* About this task: Exact copy, no pictures: restate each entry below word for word.

* Available data:
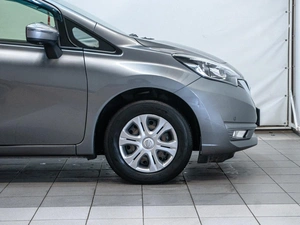 Хетчбэк Nissan Note 2017 года, 960000 рублей, Красноярск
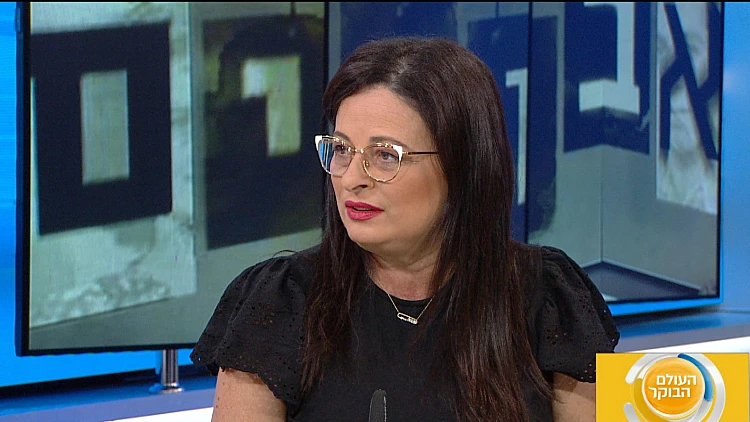 סיפורן הבלתי נתפס של התאומות אמה ומתילדה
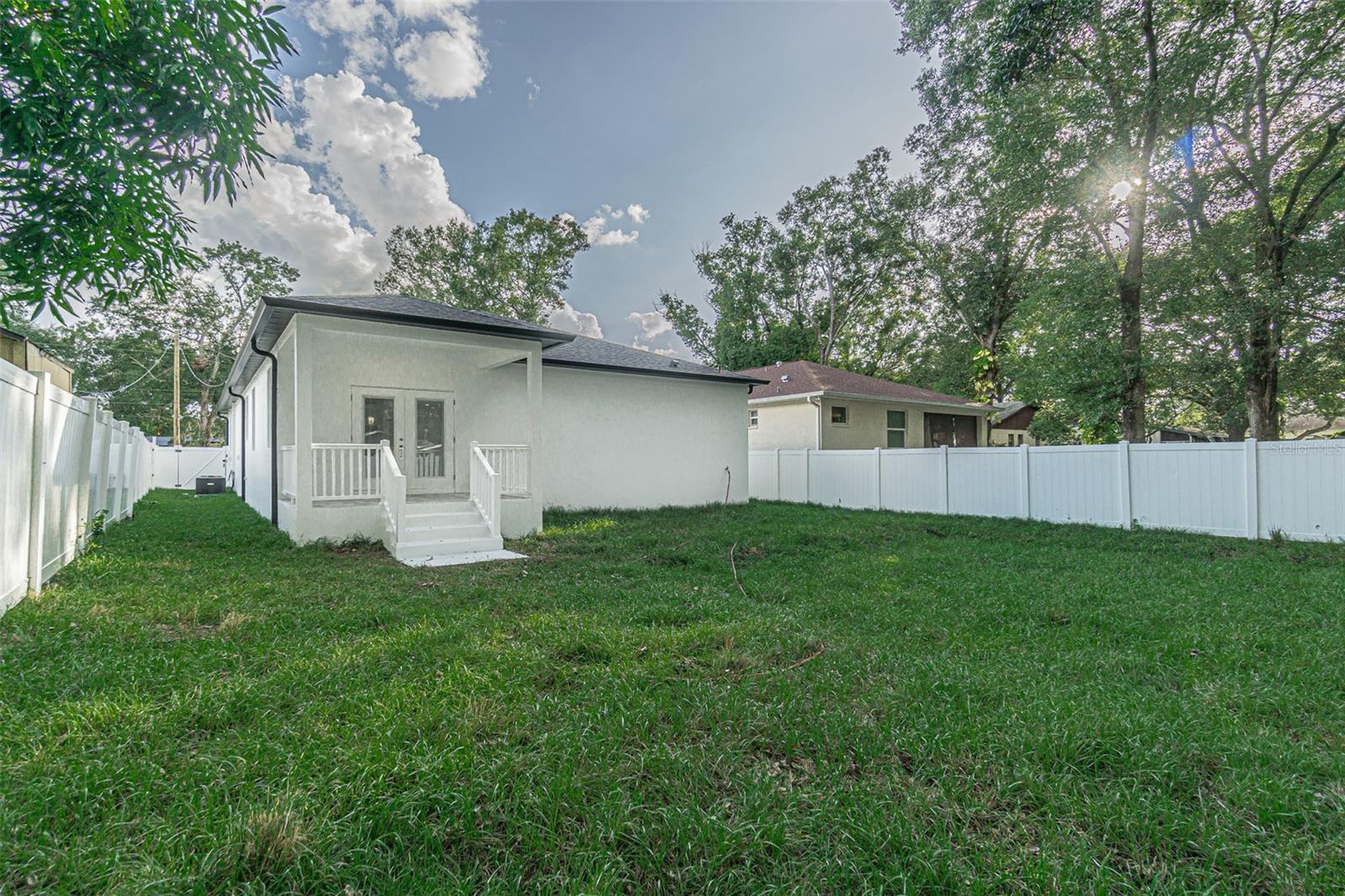 EL PORTAL - Residential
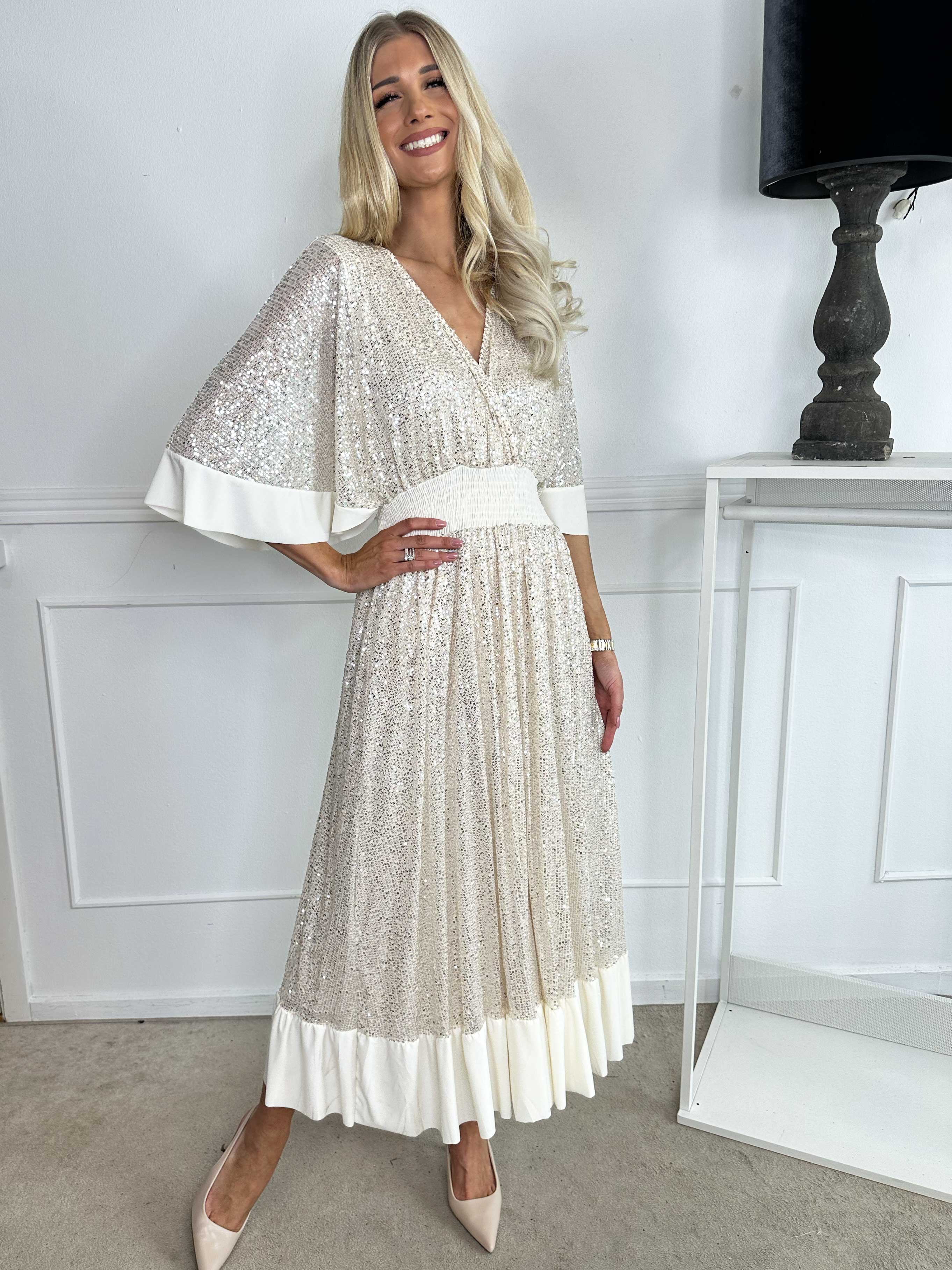 Pamela Glitter - Lang pailletkjole med flæser og smock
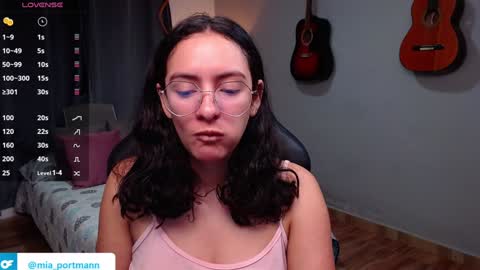 Snapshot of miaportman chatting on January 6, 2025, 1:41 pm MIAPORTMANN online show from January 6, 2025, 1:41 pm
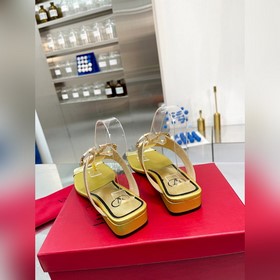 Новая модель Valentino весны 2023 года, кожа, подкладка из овечье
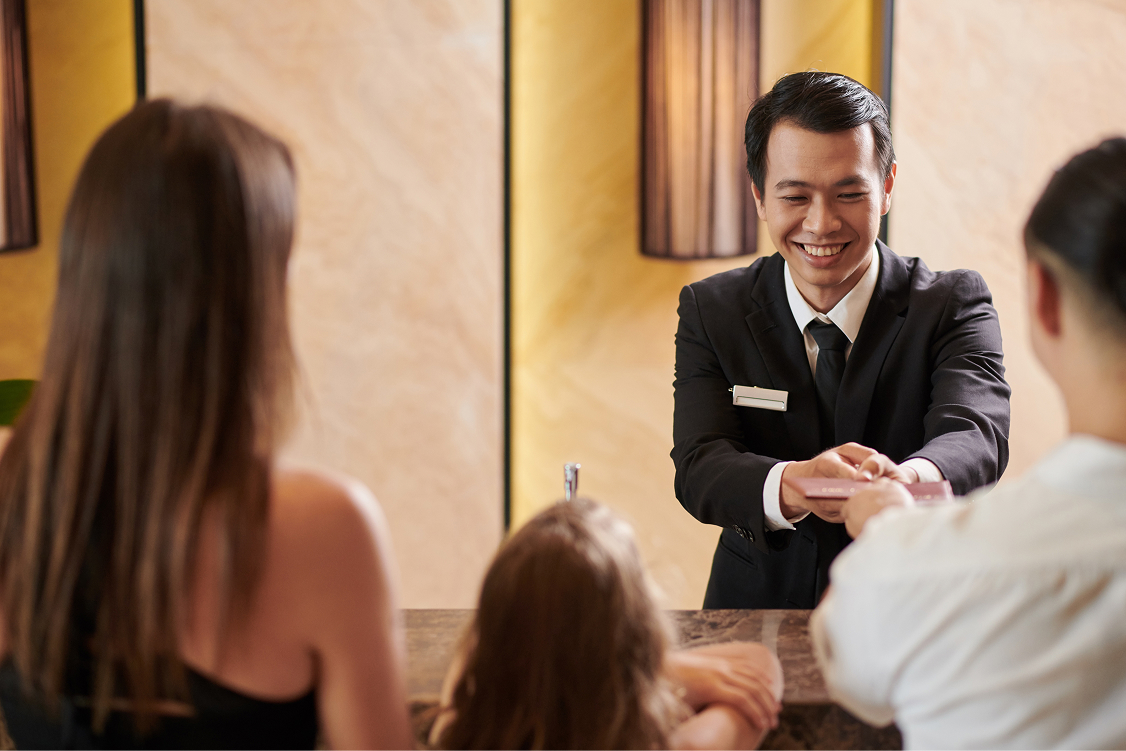 hotel-receptionist-talking-to-guests 2025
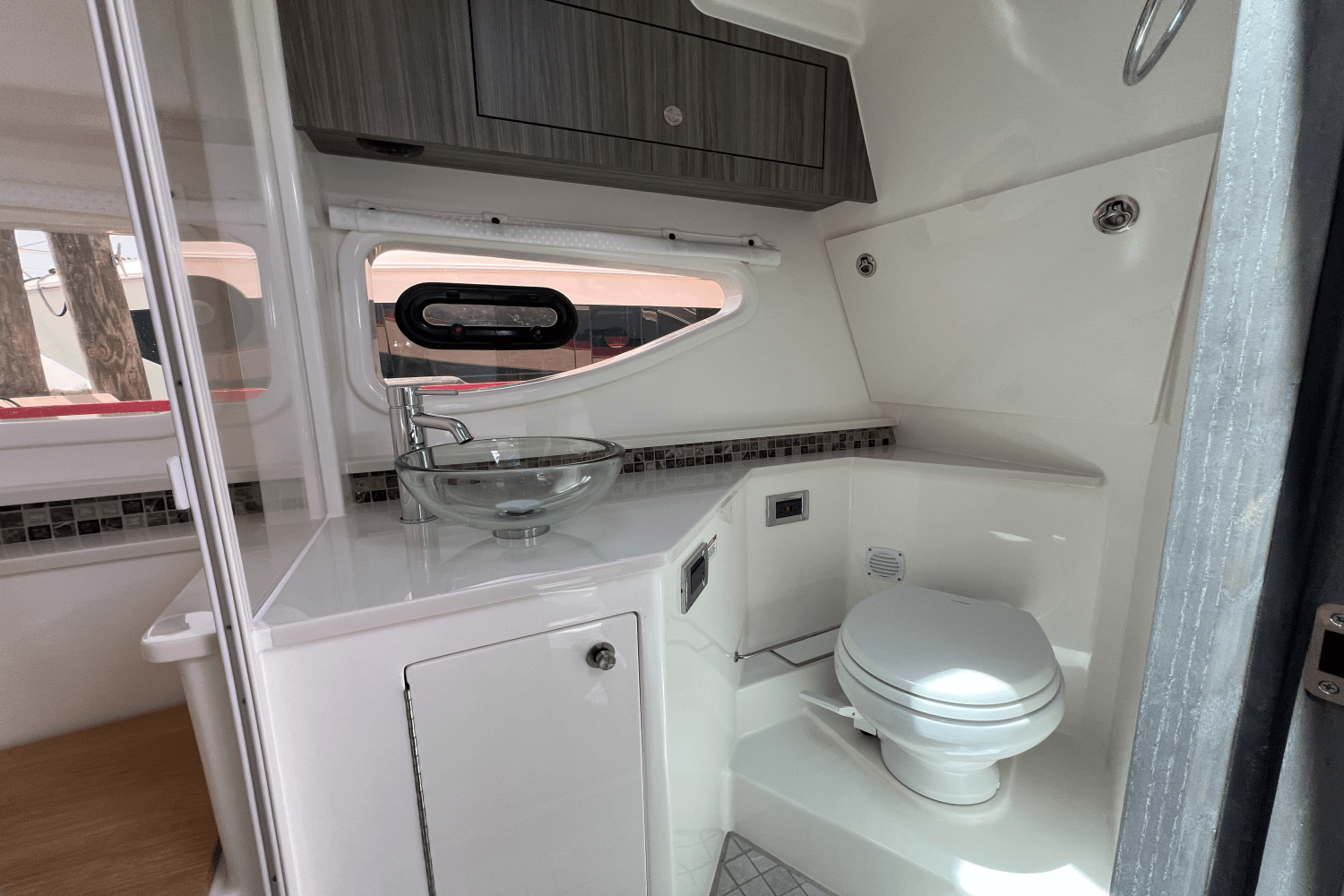 2025 Sea Ray Sundancer 370 Outboard Image Thumbnail #45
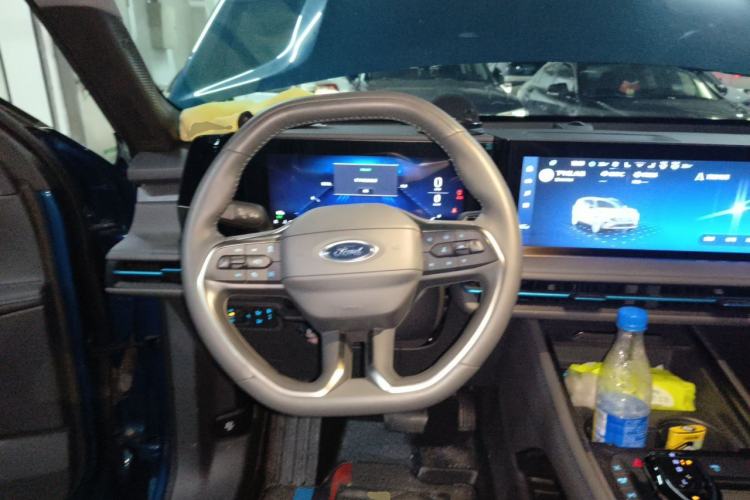 Used Ford Edge 2023 Ford Explorer L 2.0T EcoBoost E-Hybrid Two-Wheel Drive 7-Seater Luxury Model Steering Wheel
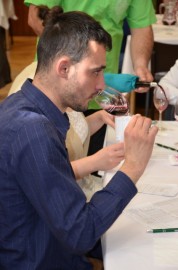 Dolnoorešanský džbánek vínka 2016 odborná degustácia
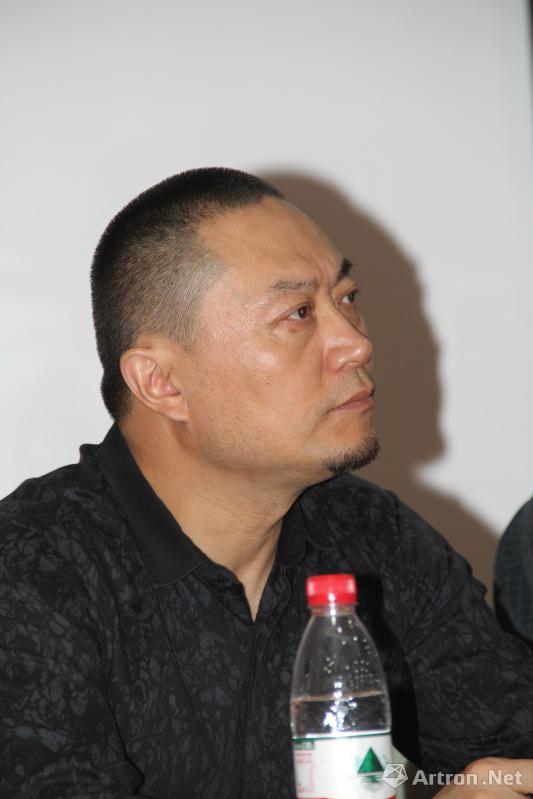 中国美术学院手工艺术学院党支部副书记,副院长李玉普
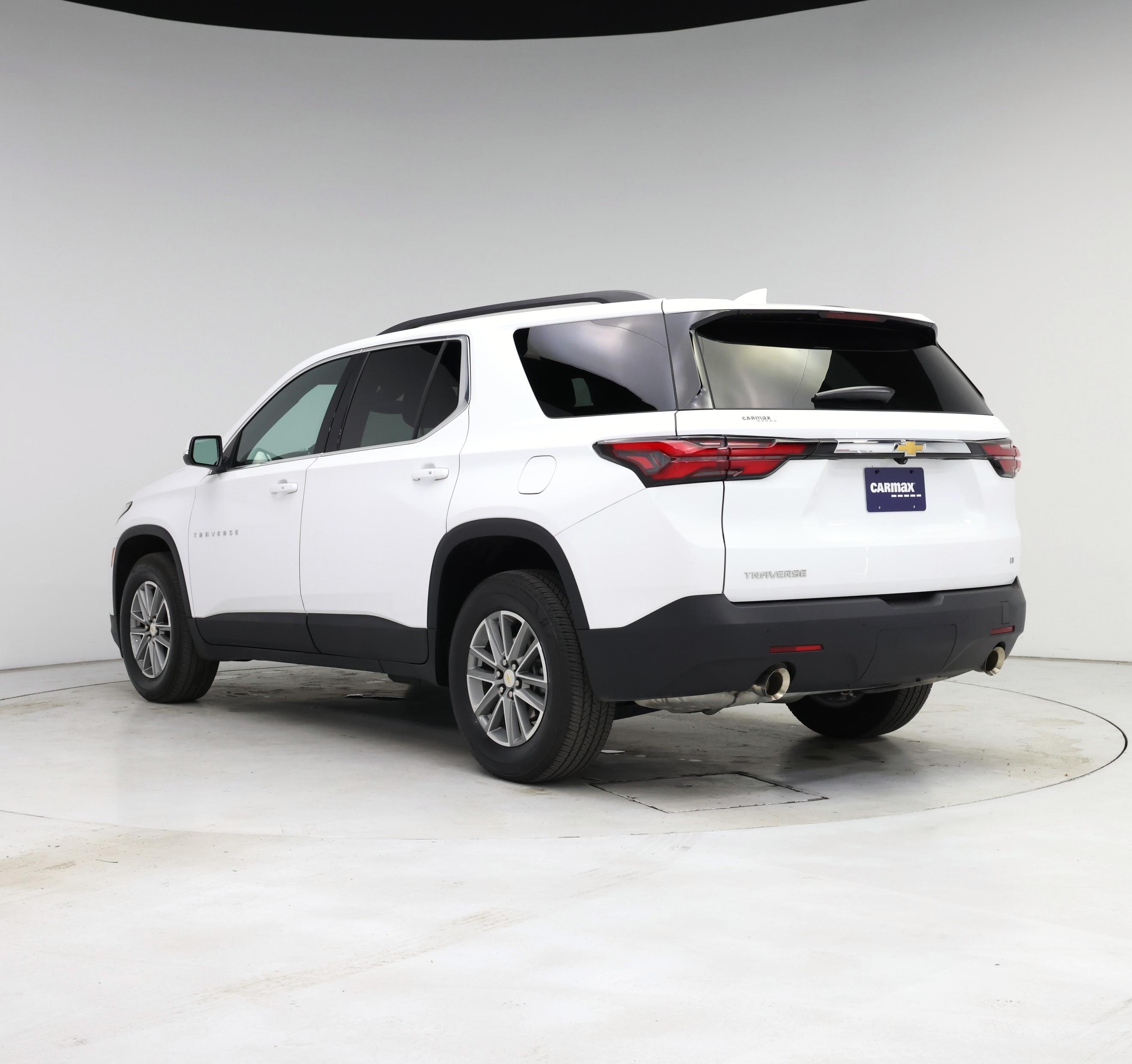 Thumbnail: 2023 Chevrolet Traverse - 2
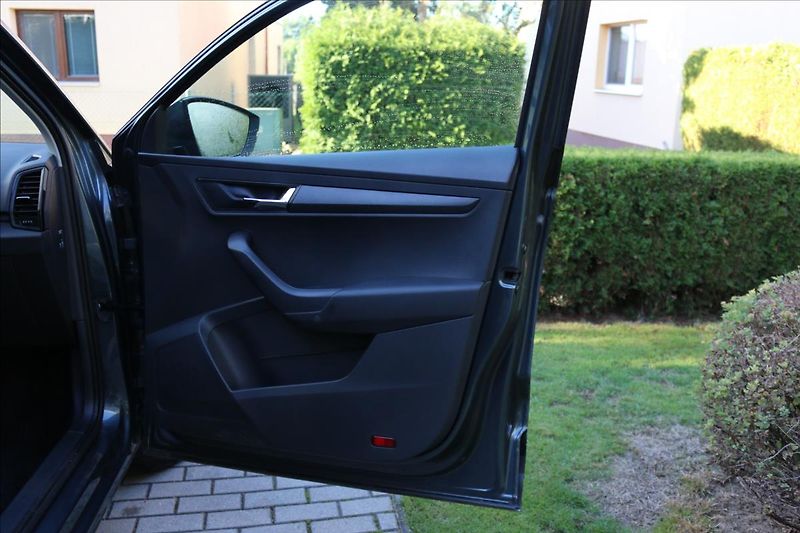 Škoda Karoq 1,0 85kW, ČR, 45000 KM - fotka 23 z 36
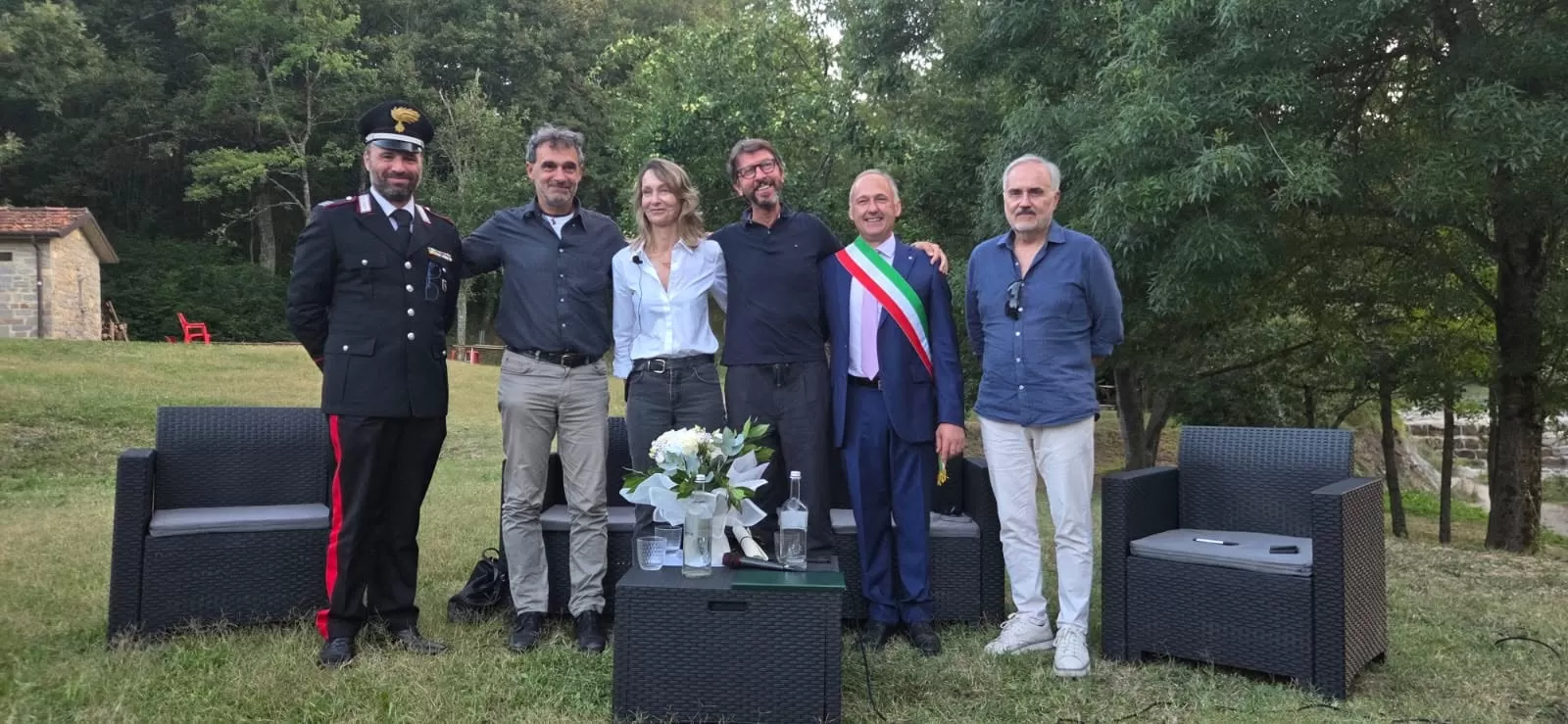Grande affluenza domenica 9 agosto per l’incontro sull’Intelligenza Artificiale in compagnia di due ospiti d’eccezione: il Prof. Antonello Bonci e la Prof.ssa Raffaella Burioni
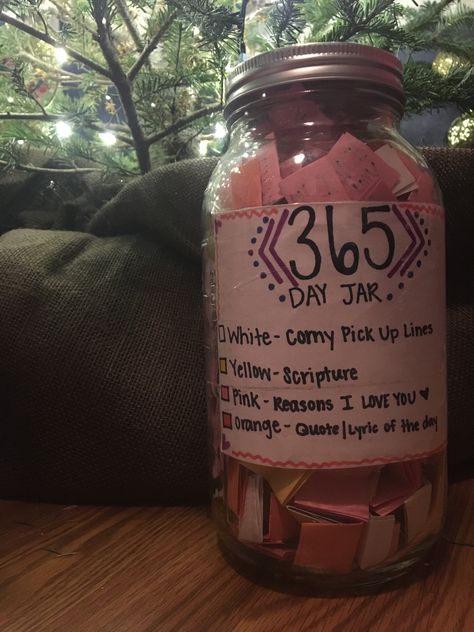 365 Day Jar for my boyfriend for Christmas Christmas Gift Ideas For Boyfriend, Christmas Presents For Boyfriend, 365 Jar, Diy Christmas Gift Ideas, Christmas Ideas For Boyfriend, Bday Gifts For Him, Gift Ideas For Boyfriend, Boyfriend Christmas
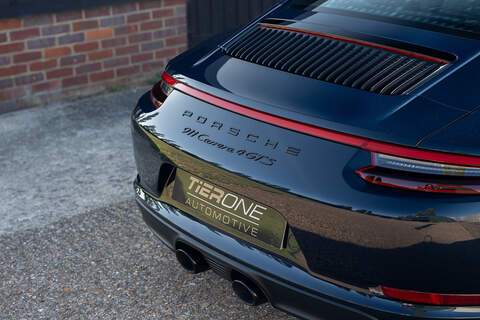 Porsche 911 T 991 Carrera 4 GTS - Large 22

* Solved problem:
 Хетчбэк Nissan Note 2017 года, 960000 рублей, Красноярск
 סיפורן הבלתי נתפס של התאומות אמה ומתילדה
 EL PORTAL - Residential
 Pamela Glitter - Lang pailletkjole med flæser og smock
 Snapshot of miaportman chatting on January 6, 2025, 1:41 pm MIAPORTMANN online show from January 6, 2025, 1:41 pm
 Новая модель Valentino весны 2023 года, кожа, подкладка из овечье
 hotel-receptionist-talking-to-guests 2025
 2025 Sea Ray Sundancer 370 Outboard Image Thumbnail #45
 Used Ford Edge 2023 Ford Explorer L 2.0T EcoBoost E-Hybrid Two-Wheel Drive 7-Seater Luxury Model Steering Wheel
 Dolnoorešanský džbánek vínka 2016 odborná degustácia
 中国美术学院手工艺术学院党支部副书记,副院长李玉普
 Thumbnail: 2023 Chevrolet Traverse - 2
 Škoda Karoq 1,0 85kW, ČR, 45000 KM - fotka 23 z 36
Grande affluenza domenica 9 agosto per l’incontro sull’Intelligenza Artificiale in compagnia di due ospiti d’eccezione: il Prof. Antonello Bonci e la Prof.ssa Raffaella Burioni
 365 Day Jar for my boyfriend for Christmas Christmas Gift Ideas For Boyfriend, Christmas Presents For Boyfriend, 365 Jar, Diy Christmas Gift Ideas, Christmas Ideas For Boyfriend, Bday Gifts For Him, Gift Ideas For Boyfriend, Boyfriend Christmas
 Porsche 911 T 991 Carrera 4 GTS - Large 22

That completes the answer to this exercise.